Growing up, there were many parties/events I wasn’t allowed to go on because they were considered adult events. This is no different.
Edit: Just to clarify, my post is STRICTLY in regards to the open bar question. Nothing to do with OP’s reasons. Hers are her own and it doesn’t matter if what reason she doesn’t want kids there. She’s totally entitled to it! =)
Post # 130
A kid is a kid is a kid. Infant, three year old, ten year old, or otherwise. I don’t understand how anyone could consider an infant not a child.

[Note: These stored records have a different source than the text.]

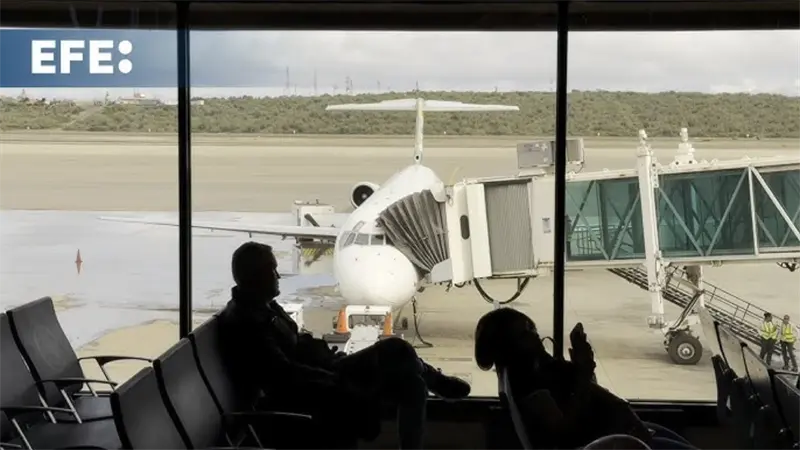 Venezuela cumple y revoca la concesión de varias aerolíneas, mientras EEUU sube la presión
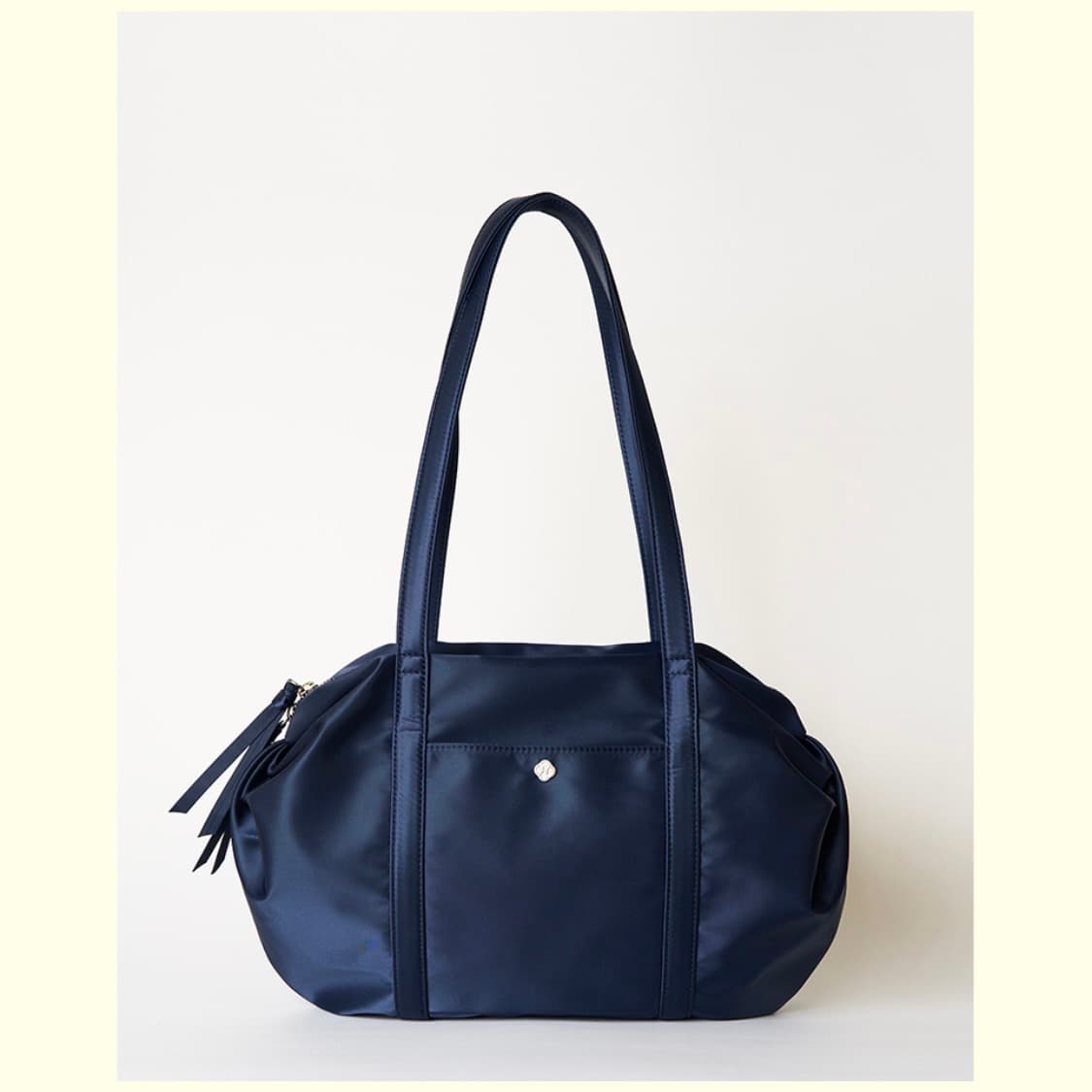 히어리 오로라 셔링 더플백 네이비 상품이미지4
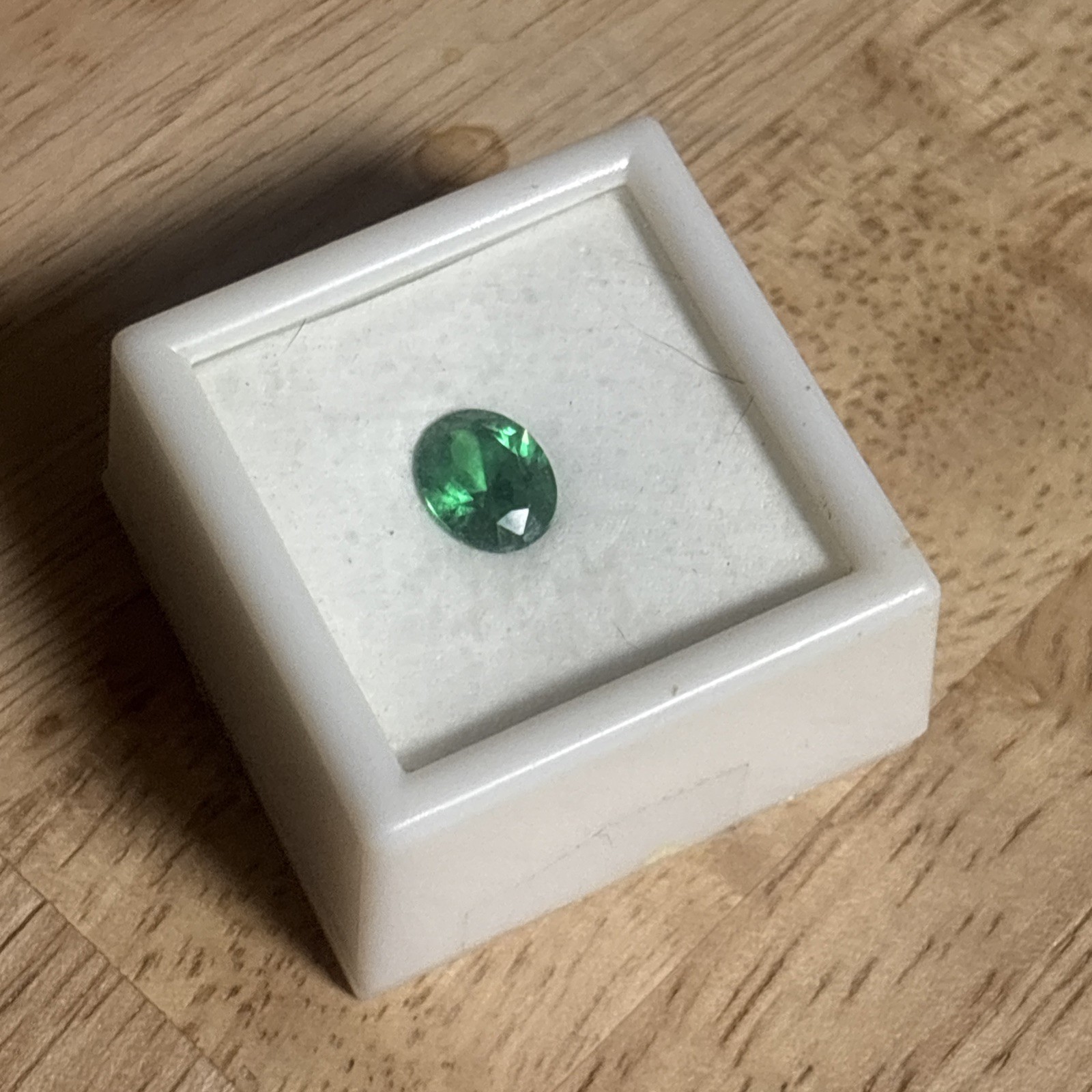 NEW 3.50 CT Green YAG Gemstone 10x8mm Oval Gem Jewelry Piece New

It’s understandable that leaving an infant behind to attend a wedding is difficult, but that’s why there’s a “decline” option on the RSVP. Chances are, the person sending the invitation knows if the guest has a newborn and will realize that they may not be attending the wedding as a result. Some parents have yet to come to the realization that their child is not as important to everyone else as he/she is to them, and having a child doesn’t automatically mean people should accommodate you whenever a situation is less than ideal for you. I just have zero tolerance for people not respecting others’ wishes, especially when it comes to one of the biggest days of their life. People need to stop making everything about themselves, and if you have a kid and can’t attend the wedding because of it, then respectfully decline and just say child care is your issue – If the person inviting you throws a fit bc you can’t come, then you can get snarky. Otherwise, keep your opinions to yourself.
Sorry for just going on a rant – This is the result of having too many pushy people try to influence my wedding. Anyway, this email you posted may have been genuine and I could see this person actually thinking that you considered them an exception, but even so, that’s still assuming and annoying. I feel ya!
Post # 131
@Syzygy88: Blech. The world really needs to be spared from the self-righteous mommy-bloggers. They all rehash the same tired subjects as if they’re new and even remotely interesting. It’s especially painful when they try to be all hip and edgy.
As for this particular blogger, I think she’s lying through her teeth about coming across an article from a childless woman who simply can’t understand why parents prioritize their kids over hanging out with friends. Which is why she didn’t link to said article. It was just an excuse to rant about those clueless childless people who spend their empty, immature lives hanging out at the club.
Post # 132
We recieved two wedding invites when our first was 2 months old. H flew to the one in which he was a groomsman and I attended the local ceremony. I left our daughter with Mother-In-Law with a bottle of breast milk and only attended the ceremony. The ceremony is the most important part for me anyways. It was a 1.5 drive but the 1 hour orthodox ceremony was well worth it. They need to either politely decline or perhaps just attend part of the event using a trusted family member as sitter. Problem solved. I would assume, no children means no children.
Post # 133
What I wonder is if anyone saw the irony in this blogger’s post about how little time she has, and yet she has enough time to write this novel of a rant about how difficult her life is because she has children.
She made the decision to have children; she needs to suck it up. It’s no one’s problem but her own and no one, especially the “childless” folks she wants to care, gives a crap about her problems when she frames them in that manner. Everyone has problems; everyone runs around like a crazy person, everyone loses their mind, some on a daily basis, and not all of those people have children. She and every other parent like her need to get over themselves.
Post # 135
The utter gall of this board is crazy. I’m also waiting with baited breath at her response. Sorry breeders, every event isn’t made for and such is life. I hope to be a mom someday and can assure you I would never be this clueless and tacky.
Post # 136
You have handled yourself like a pro. I am anxiously waiting for the response, eeeee!